The Probable Course of the Ball in President
McKinley’s Case
I view of the great professional interest
in the case of President McKinley, and in the absence, up to the
present writing, of any definite demonstration of the exact course
of the bullet, the M R
presents a study of probabilities which, from anatomical and surgical
standpoints, may prove interesting to our readers. The accompanying
illustrations have been made with great care, and with special reference
to their particular adaptability to the purposes of the article.
Figs. 1 and 2 indicate the points of entrance of the missile from
the front, and Fig. 3 shows, in a schematic way, the relation of
the important internal organs in an anteroposterior section of the
trunk.
At best, no absolute theory can be
advanced as
to the direction of the ball, as the latter has not been traced
beyond its point of exit from the posterior wall of the stomach.
Nor can any positive information be obtained as to the relative
positions of the would-be assassin and his victim. It was evidently
intended that the pistol should be fired point blank, the parties
nearly facing each other, and that the heart should be struck. In
the absence of any proof to the contrary, it must be assumed that
the aim was really in a direction from before backward, slightly
to the left, and on a horizontal plane.
In the present aspect of the case,
considering the important organs in the region of the wound tract,
the great wonder is that so many of them escaped mortal injury.
The opinion of the surgeons in attendance
on the President is to the effect that the foreign body is lodged
in the muscles of the back somewhere in the region of the eleventh
intercostal space and possibly in the substance of erector spinæ
muscles. This would give the ball almost a horizontal direction
from before backward. It is impossible to believe that it took a
more internal course toward the vertebral column, as the cœliac
axis [422][423] or even the aorta itself
would undoubtedly have been wounded. It has been quite clearly demonstrated
by the operation that the stomach was the only important organ injured.

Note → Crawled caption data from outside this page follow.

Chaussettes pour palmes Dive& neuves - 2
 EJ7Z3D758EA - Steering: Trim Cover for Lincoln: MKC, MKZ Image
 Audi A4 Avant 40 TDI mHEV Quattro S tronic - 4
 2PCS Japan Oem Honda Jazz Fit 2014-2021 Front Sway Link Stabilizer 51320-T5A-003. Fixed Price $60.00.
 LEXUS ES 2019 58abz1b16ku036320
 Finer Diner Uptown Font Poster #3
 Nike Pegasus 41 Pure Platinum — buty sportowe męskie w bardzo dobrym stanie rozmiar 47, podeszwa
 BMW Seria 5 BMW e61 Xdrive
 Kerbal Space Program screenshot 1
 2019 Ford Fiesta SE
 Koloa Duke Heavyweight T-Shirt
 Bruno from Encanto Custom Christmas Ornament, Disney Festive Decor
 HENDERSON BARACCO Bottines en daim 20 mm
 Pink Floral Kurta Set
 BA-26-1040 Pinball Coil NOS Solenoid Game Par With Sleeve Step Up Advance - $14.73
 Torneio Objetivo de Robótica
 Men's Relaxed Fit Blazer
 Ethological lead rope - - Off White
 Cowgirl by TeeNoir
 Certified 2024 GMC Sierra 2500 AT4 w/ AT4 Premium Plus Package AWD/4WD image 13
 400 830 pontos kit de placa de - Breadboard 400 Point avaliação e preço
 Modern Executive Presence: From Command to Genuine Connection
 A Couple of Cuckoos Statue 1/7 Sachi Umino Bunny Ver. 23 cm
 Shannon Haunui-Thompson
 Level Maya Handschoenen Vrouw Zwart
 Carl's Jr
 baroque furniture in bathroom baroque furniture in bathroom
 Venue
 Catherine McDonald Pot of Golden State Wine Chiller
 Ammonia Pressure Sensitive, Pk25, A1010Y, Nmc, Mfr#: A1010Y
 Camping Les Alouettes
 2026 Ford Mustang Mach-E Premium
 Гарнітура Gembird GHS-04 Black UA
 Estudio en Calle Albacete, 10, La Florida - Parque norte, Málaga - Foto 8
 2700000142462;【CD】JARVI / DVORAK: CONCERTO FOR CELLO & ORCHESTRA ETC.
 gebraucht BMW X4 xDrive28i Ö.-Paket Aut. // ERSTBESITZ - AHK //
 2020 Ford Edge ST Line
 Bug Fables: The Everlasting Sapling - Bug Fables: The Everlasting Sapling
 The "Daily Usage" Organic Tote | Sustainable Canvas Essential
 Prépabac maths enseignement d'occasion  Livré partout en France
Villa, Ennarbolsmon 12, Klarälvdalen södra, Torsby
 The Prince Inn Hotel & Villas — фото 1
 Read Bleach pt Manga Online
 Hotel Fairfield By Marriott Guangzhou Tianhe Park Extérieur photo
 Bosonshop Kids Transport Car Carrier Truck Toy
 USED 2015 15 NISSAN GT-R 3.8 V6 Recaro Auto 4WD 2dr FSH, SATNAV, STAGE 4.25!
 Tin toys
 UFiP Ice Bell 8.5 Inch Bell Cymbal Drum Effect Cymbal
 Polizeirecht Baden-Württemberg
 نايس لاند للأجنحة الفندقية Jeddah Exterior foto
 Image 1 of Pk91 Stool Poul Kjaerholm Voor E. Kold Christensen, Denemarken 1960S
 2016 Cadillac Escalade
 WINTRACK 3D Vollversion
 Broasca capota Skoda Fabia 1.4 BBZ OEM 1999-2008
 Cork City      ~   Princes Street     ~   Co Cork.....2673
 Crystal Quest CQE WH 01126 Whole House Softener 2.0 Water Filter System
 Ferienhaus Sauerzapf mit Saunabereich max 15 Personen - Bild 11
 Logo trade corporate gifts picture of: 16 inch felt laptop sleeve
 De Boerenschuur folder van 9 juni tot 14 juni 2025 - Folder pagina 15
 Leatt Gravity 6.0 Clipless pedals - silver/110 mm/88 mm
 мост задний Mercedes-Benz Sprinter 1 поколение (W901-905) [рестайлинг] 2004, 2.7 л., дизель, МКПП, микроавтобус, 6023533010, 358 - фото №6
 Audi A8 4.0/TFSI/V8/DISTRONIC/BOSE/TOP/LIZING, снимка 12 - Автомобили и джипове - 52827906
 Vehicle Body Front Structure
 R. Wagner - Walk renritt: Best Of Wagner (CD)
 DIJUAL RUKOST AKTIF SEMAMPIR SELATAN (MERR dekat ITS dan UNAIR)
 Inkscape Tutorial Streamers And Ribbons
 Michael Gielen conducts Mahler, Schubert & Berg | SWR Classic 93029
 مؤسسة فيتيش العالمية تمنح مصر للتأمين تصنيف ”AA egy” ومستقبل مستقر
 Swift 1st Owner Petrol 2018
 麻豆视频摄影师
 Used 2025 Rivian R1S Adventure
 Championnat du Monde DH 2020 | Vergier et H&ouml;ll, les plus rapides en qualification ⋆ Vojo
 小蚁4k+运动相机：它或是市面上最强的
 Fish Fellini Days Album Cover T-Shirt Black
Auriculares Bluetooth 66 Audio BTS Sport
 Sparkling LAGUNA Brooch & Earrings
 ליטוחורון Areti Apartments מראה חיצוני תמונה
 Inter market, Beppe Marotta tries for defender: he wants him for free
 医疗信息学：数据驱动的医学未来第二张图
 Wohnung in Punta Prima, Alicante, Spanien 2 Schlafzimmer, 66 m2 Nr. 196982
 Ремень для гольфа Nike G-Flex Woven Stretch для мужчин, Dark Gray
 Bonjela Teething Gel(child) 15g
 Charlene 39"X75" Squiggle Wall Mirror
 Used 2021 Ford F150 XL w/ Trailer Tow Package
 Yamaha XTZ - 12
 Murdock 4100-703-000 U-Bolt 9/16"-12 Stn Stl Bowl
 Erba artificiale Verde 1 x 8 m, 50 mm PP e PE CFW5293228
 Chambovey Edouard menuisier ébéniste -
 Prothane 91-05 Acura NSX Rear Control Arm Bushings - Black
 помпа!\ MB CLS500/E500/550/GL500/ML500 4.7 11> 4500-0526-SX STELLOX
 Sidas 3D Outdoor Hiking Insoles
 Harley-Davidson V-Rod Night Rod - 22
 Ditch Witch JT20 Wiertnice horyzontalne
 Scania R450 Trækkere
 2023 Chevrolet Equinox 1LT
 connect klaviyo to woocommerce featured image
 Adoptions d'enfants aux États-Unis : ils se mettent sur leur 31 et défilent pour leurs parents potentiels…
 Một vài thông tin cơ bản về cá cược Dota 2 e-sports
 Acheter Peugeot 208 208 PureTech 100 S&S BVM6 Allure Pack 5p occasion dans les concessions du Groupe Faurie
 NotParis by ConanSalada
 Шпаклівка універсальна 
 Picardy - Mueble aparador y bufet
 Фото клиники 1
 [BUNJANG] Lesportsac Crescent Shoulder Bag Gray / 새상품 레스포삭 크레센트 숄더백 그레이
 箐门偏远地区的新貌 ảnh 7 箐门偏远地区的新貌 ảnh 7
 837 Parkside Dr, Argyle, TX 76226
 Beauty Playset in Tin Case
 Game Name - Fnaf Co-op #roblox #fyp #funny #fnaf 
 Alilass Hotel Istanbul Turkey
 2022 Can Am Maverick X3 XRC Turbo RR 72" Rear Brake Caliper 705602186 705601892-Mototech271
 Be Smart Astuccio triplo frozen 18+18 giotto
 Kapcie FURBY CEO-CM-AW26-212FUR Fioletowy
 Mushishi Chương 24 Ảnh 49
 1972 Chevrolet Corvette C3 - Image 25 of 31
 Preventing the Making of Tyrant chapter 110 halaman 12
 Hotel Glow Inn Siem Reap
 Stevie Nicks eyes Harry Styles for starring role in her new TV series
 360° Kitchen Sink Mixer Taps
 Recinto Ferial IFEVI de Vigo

The left edge of the liver escaped harm by the merest chance of
its position and thus a most formidable if not a fatal complication
was averted. There was no injury to the adjacent cartilage of the
eighth rib.
In placing the point of exit of the
ball on a line with that of its entrance as in Fig. 2, the relative
positions of the internal organs in the neighborhood can be easily
studied. The only apparent reason why all these important parts
escaped injury is on the supposition that the real course of the
missile is thus properly placed in the diagram mentioned. Toward
the median line are the important blood vessels already named. Inferiorly
are the splenic vein and artery, the pancreas, and the left suprarenal
capsule and kidney, and posteriorly and externally the spleen. The
only point for the safe transit of a bullet would be seemingly in
a very limited space within these boundaries.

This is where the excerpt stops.